Now, I read about alleged complaints from a Grand Lodge [*made up of elite, wealthy, aristocratic-minded persons*] about invasion of territory. I do not have to have specific details on the matter to know this; in many African countries, where tribal alliances run strong and take precedence, those who petitioned the MW Prince Hall Grand Lodge of Texas may have needed to as they were not being afforded their rights --- legal, Masonic or moral.

And with that being a strong possibility, of rules being enforced for one's own use rather than for what is Moral & Just, the complaint filed is just that --- a complaint. A complaint by a Grand Lodge whose own hands may not be free of blood, or at a minimum, not free of mistreatment of others for no legitimate reason. 

*We were all taught to exercise CAUTION, perhaps that lesson should be first in our minds and in the forefront at this moment*.

What I would like to know is why can't this amount of effort be spent on investigating why my Masonic rights were not enforced and upheld in the jurisdiction of the Grand Lodge of Texas, instead of so much focus placed on a situation that none of us have any real idea of what is going on?

When someone can answer my questions, I 'll be happy to start concerning myself with the business of another Grand Lodge halfway around the world.


----------



## Ecossais (Feb 22, 2013)

Actually, there are about thirteen (13) very small, scattered, irregular grand lodges here in Texas. Many of them were created by scam artists who "sell" regalia, rituals, forms, etc. to religious ministers and instruct them how to set up a grand lodge, with subordinate lodges, with the minister as the "Grand Master" for life. They are a form of pyramid scheme, also known as a Ponzi scheme.

Meanwhile, the two regular grand lodges here in Texas, go on with life and ignore these small insignificant irregular "grand lodges."

The doctrine of exclusive territorial jurisdiction does not foster small irregular grand lodges, but rather, it keeps them down to a minimum. The last thing we want to do is open the door to the proliferation of small irregular grand lodges. 

Paul Bessell, who, by the way, was defeated in his rise through the top four grand lodge offices in the District of Columbia, and never made it to Grand Master, has always exhibited a dismissive attitude toward the traditional standards of regularity.
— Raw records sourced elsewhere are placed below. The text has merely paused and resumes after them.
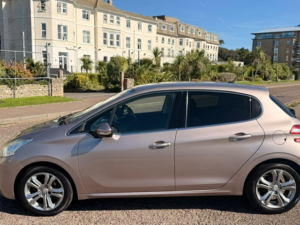 2014 Peugeot 208 1.2 Vti Puretech Allure in Pink — image 6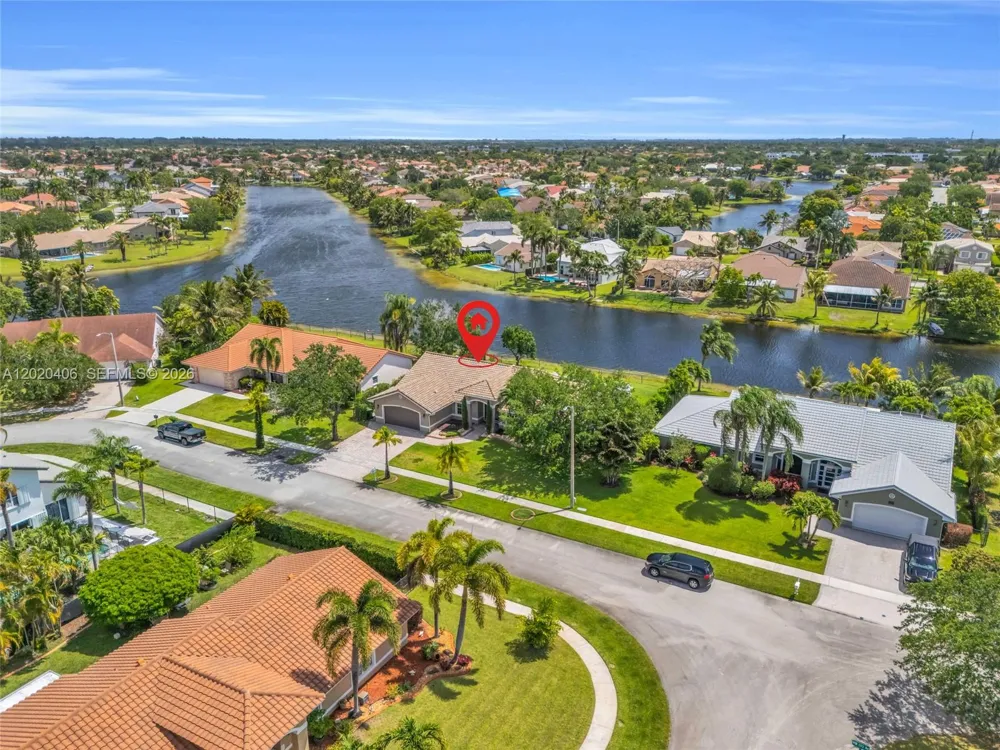 321 NW 193rd Ave Pembroke Pines, FL 33029
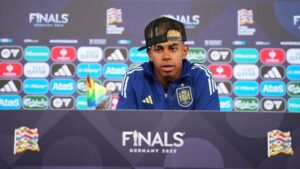 Misteri Topi Terbalik Lamine Yamal: Kisah di Baliknya?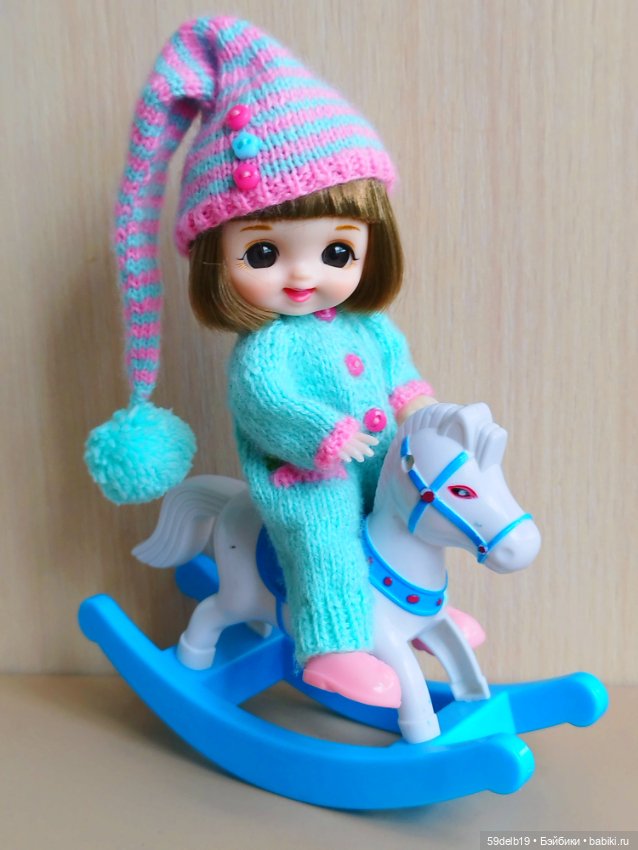 Новый вязаный костюмчик для бабольки Фаи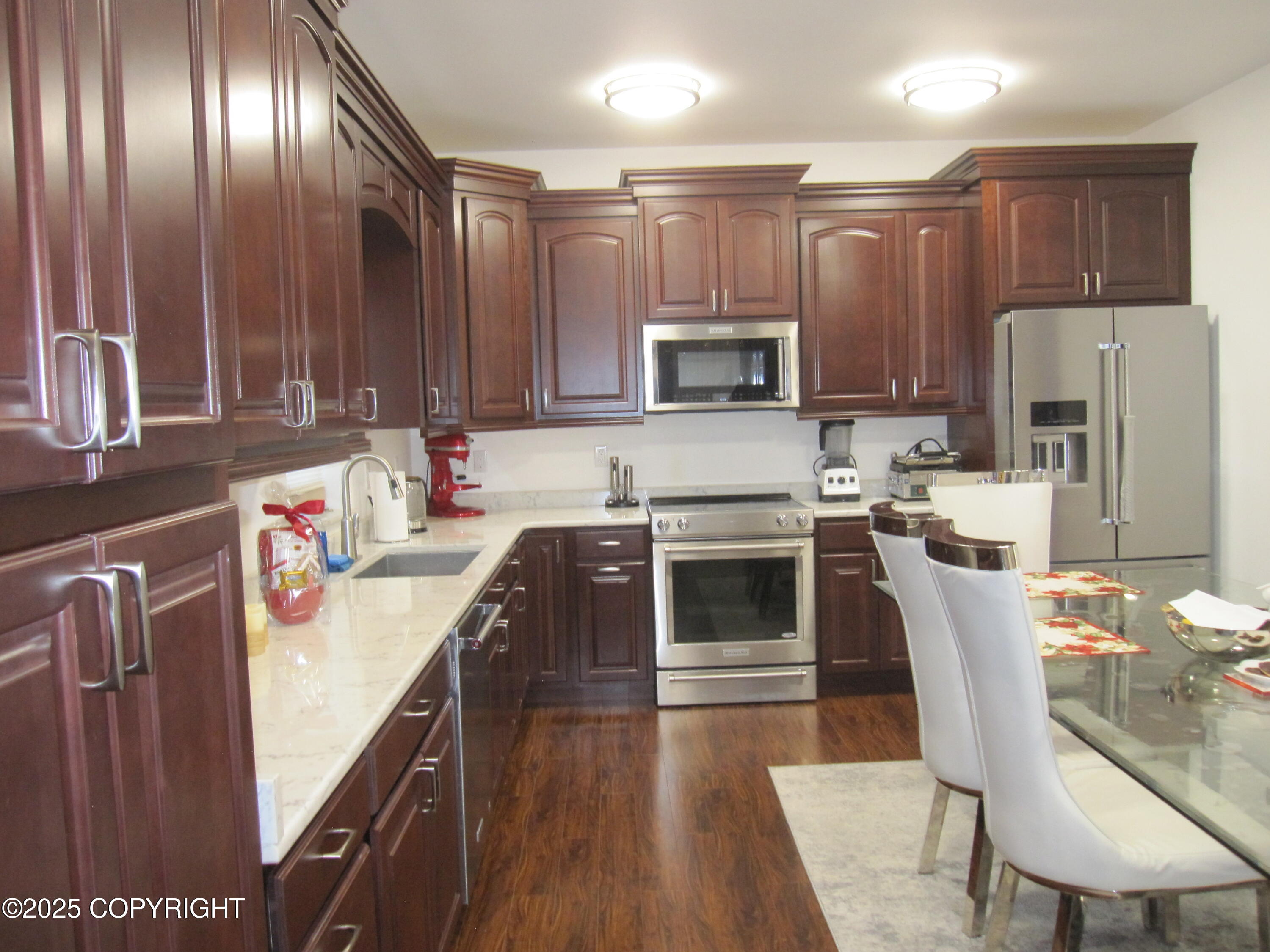 5512 Isaac Hawk Property Photo 12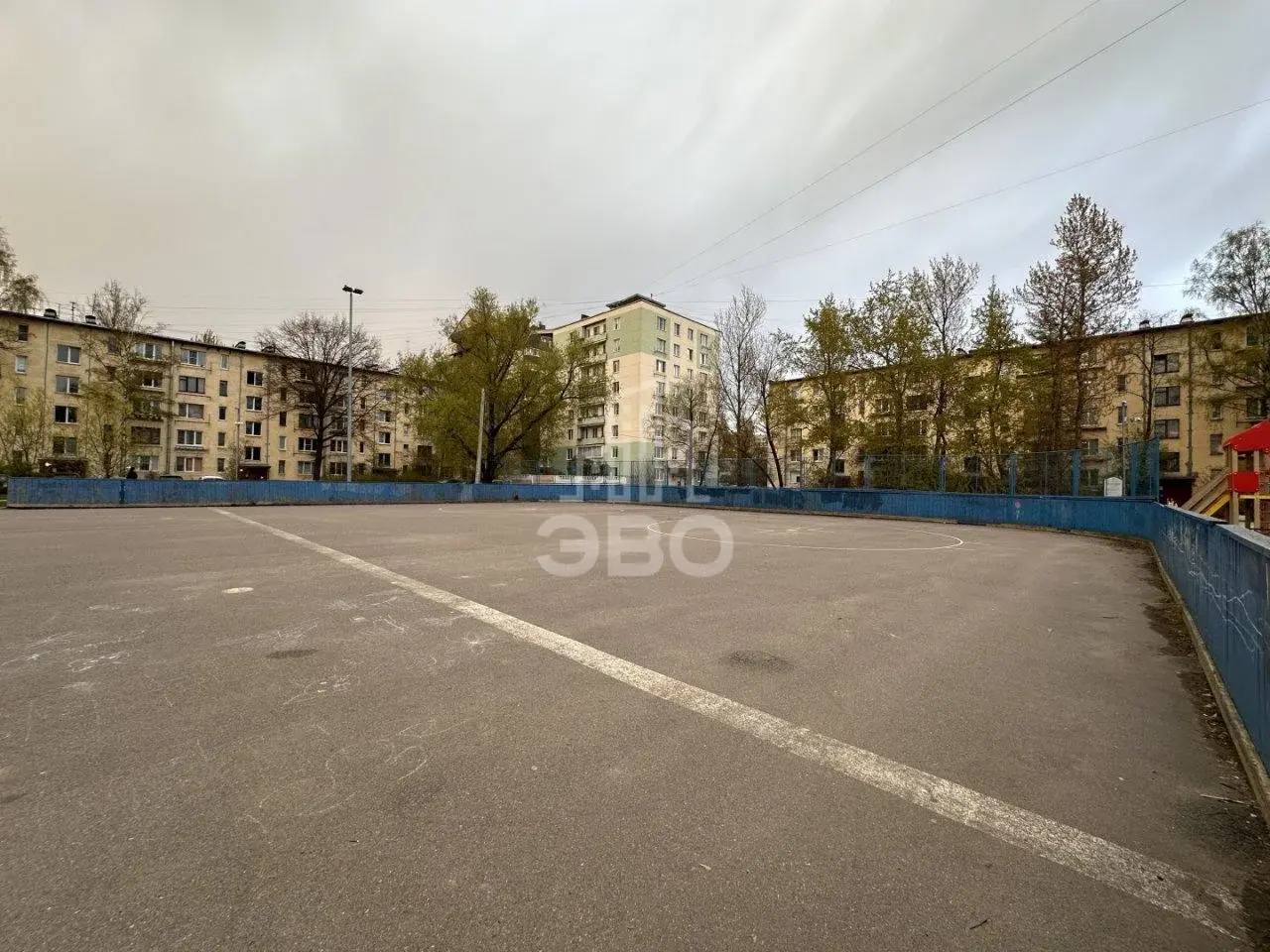 трехкомнатная квартира в Санкт-Петербурге по адресу: Новаторов б-р., 45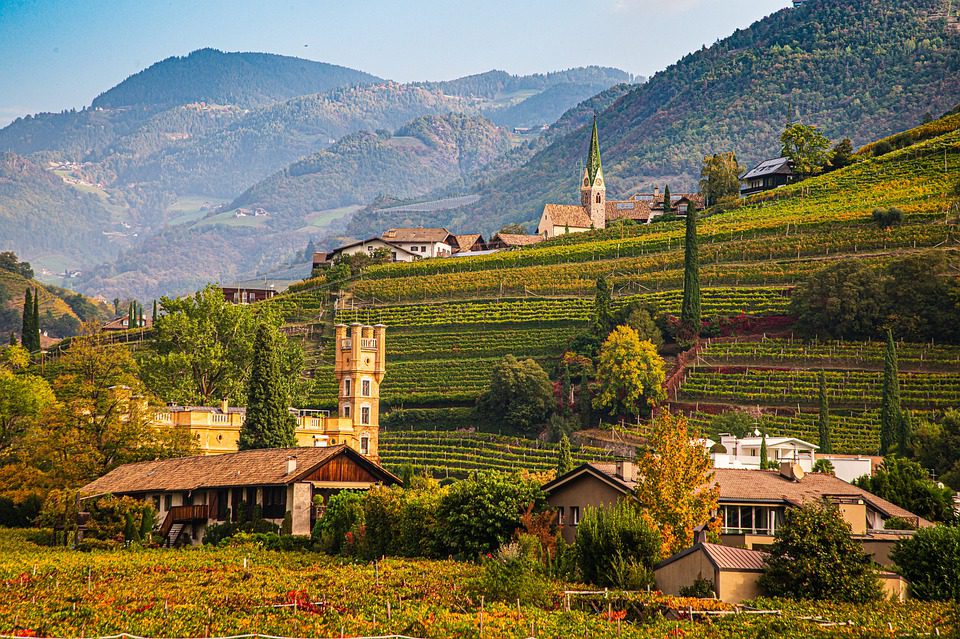 Castellblanc: A Celebração Espanhola em Cada Bolha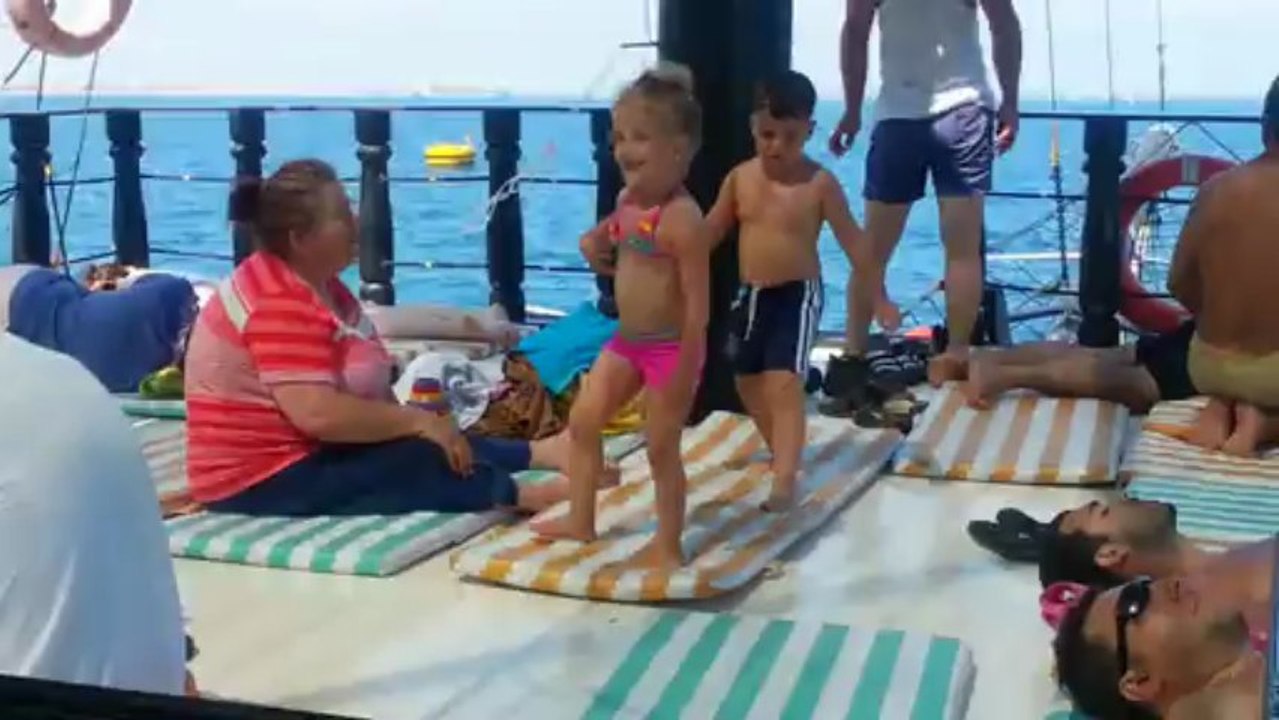AYBARSIMIN APAÇİ DANSI   :)))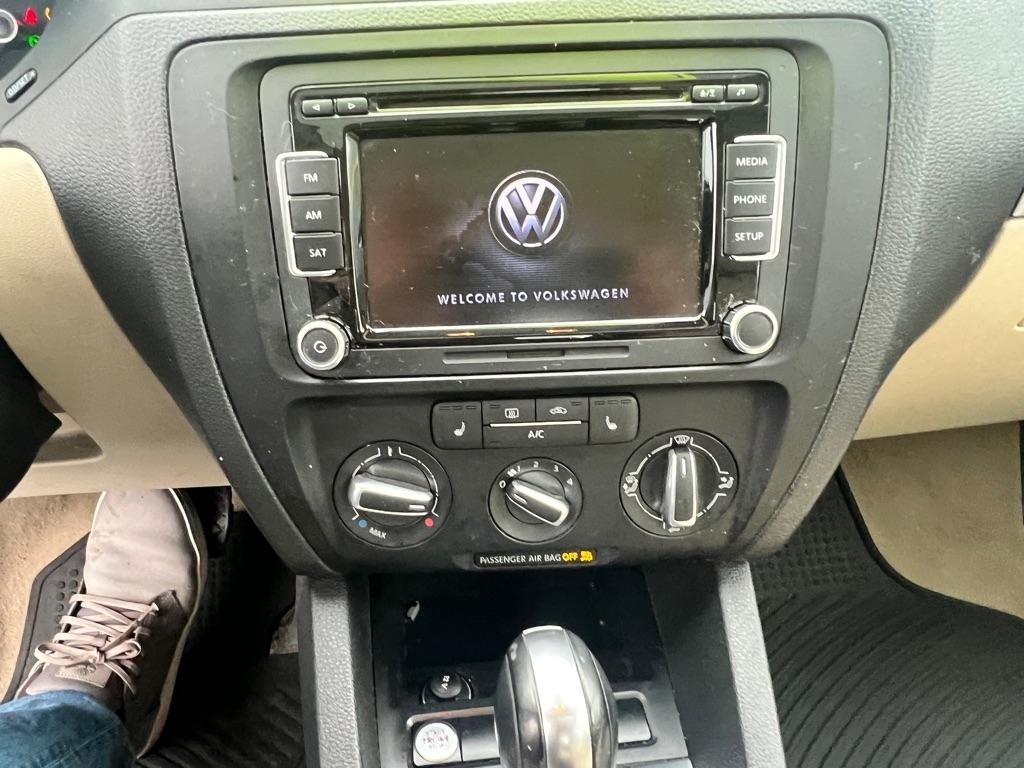 Volkswagen Jetta SE 2014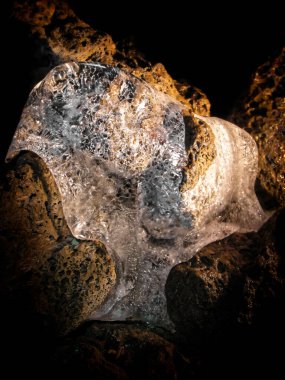 Kuzey Sierra Nevadas, Kaliforniya 'daki Lav Yatakları Ulusal Anıt Mağaraları' nda buz oluşumları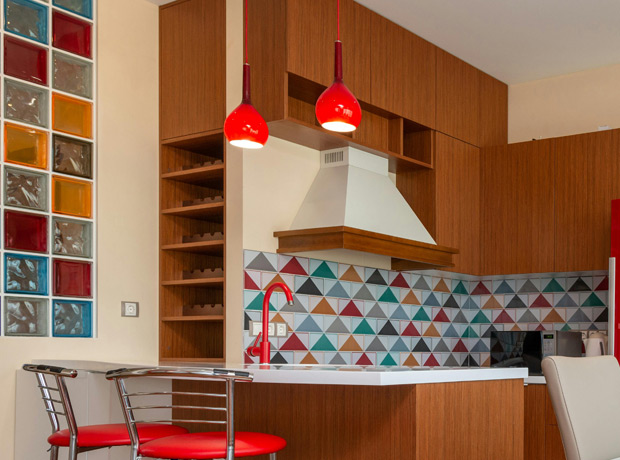 Bati Orient glass tile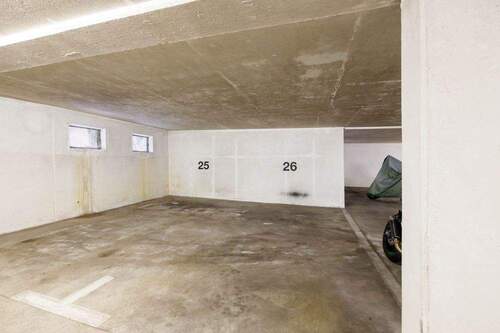 Tiefgaragenstellplatz - 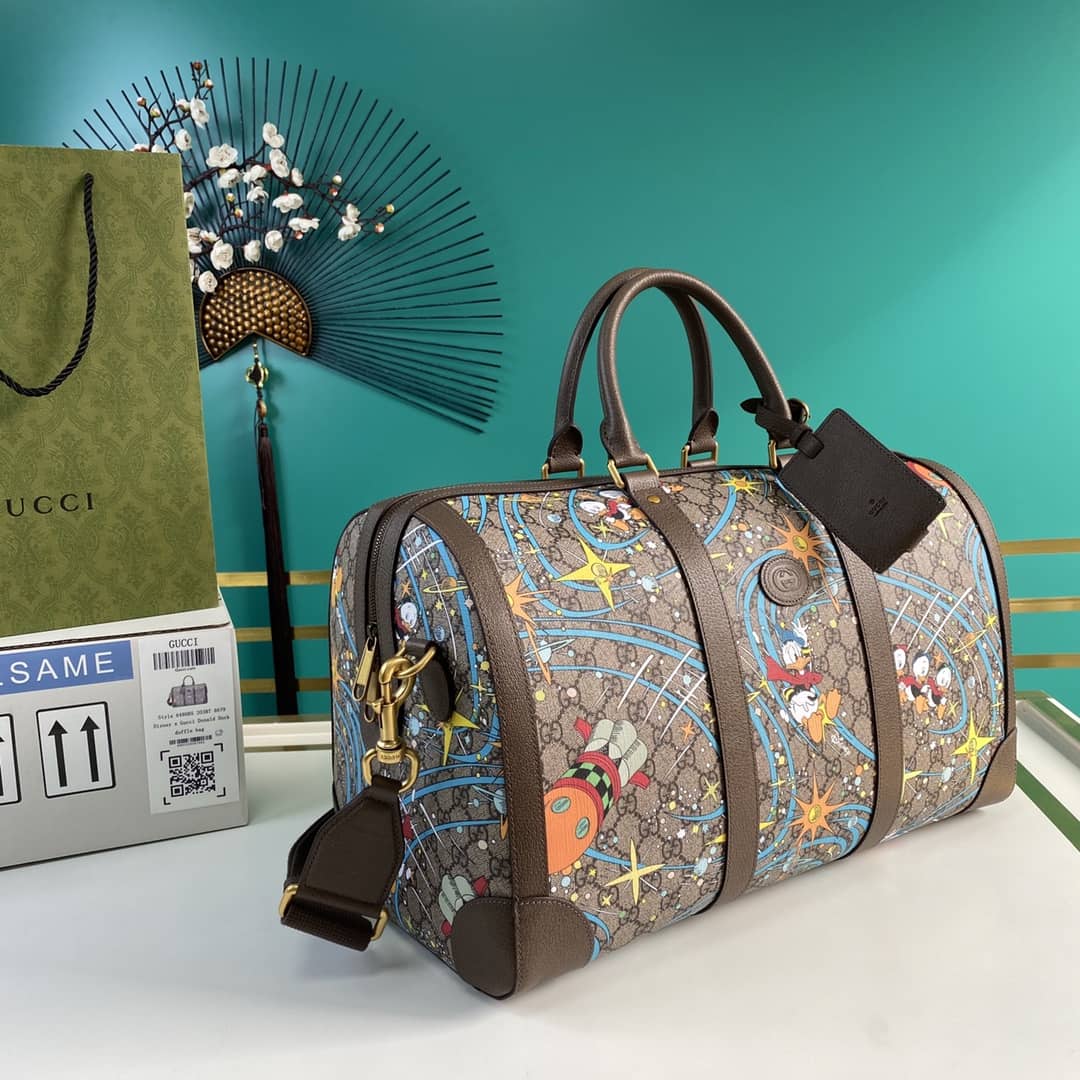 Best Replica Gucci x Disney Donald Duck Duffle Bag Replica 648085(Cola) - Colareps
The other grand lodges that he lists in the Ivory Coast are offshoots of irregular grand lodges in France. What he ignores is the fact that the regular grand lodges of the world, all of which share recognition with the United Grand Lodge of England, do not recognize more than one grand lodge per jurisdiction, UNLESS the two or three grand lodges within a jurisdiction agree by treaty or compact to share that particular jurisdiction.

This does not indicate that there is no such thing as exclusive territorial jurisdiction. To the contrary, it states that there must be a treaty or agreement to share the jurisdiction, if more than one grand lodge is to be considered regular in that jurisdiction. In other words, the sharing of a jurisdiction is a PART OF the doctrine of exclusive territorial jurisdiction, and not a contradiction to it.

If you think that it is an "outmoded" or obsolete concept, then try creating a lodge in, say, Arkansas, California, or New York, and find out what happens. Better yet, try creating a lodge in London, England, and see how long it takes the U.G.L. of England to pull recognition from your grand lodge.


----------



## bupton52 (Feb 22, 2013)

Ecossais said:


> Actually, there are about thirteen (13) very small, scattered, irregular grand lodges here in Texas.



There are actually more that 25 grand lodges that are clandestine and not irregular operating in our great state. 



> If you think that it is an "outmoded" or obsolete concept, then try creating a lodge in, say, Arkansas, California, or New York, and find out what happens. Better yet, try creating a lodge in London, England, and see how long it takes the U.G.L. of England to pull recognition from your grand lodge.




How about we just stick to the 9 states in our own country were grand lodges who are very regular still do not have recognition from the "mainstream" grand lodges in their respective states, let alone the UGLE. For that reason, it seems that the concept of ETJ may be a bit flawed.


----------



## Cblack (Feb 27, 2013)

There are 25 Clandestine GLs operating in the city of Houston with United Most Worshipful Scottish Rite GL being the oldest and MW East TX GL (2012) being the youngest...


----------